И тут меня поражает мысль, что уж выслушать-то его я обязан. Хотя бы из уважения.
Ведь за мной должок.
Он вытирает глаза рукавом своей спортивной куртки. Вот ведь ужас-то: плачущий Гарри. Прямо как живой человек.
А что, если все это время он и был живой человек с живыми чувствами?
Как же ему сейчас паршиво.
Что я наделал. Господи.
— За что ты меня так не любишь? — спрашивает он.
Будь дело не сегодня, я бы пропустил его вопрос мимо ушей. Но сегодня особый день. И за мной должок.
— Наверное, мне казалось, что ты… неискренен.
— О господи! — фыркает Гарри. — И это говорит тип, которого я принял как родного.
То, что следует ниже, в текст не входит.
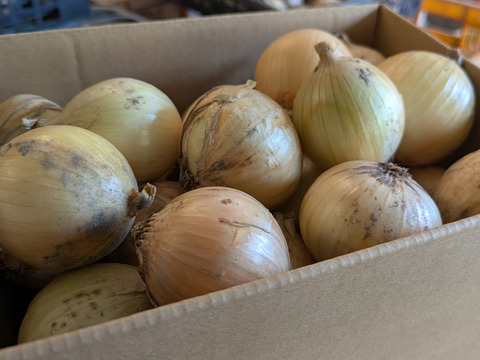《自然栽培・食品ロス》 淡路島産 人に優しい 旨味「玉ねぎ」(晩生)３ kg 
【2020年最優秀賞受賞／2022年SDG'sエバンジェリスト認定取得】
Я раскрутил твой бизнес, как раскрутил бы для родного сына. А ты тринадцать лет трахал у меня за спиной мою жену. И после этого ты называешь неискренним меня. Вот что я тебе скажу, Деверо. Это ребенок хватает все, что попадает под руку, просто потому, что хочет. А взрослый человек понимает, сколько боли он может принести другим, если начнет вытворять что заблагорассудится. Это признак зрелости человека, если он ставит чужую боль выше собственного удовольствия.
Поднимаюсь с дивана.
Меня шатает. Сосредотачиваюсь и стараюсь обрести равновесие. Получается.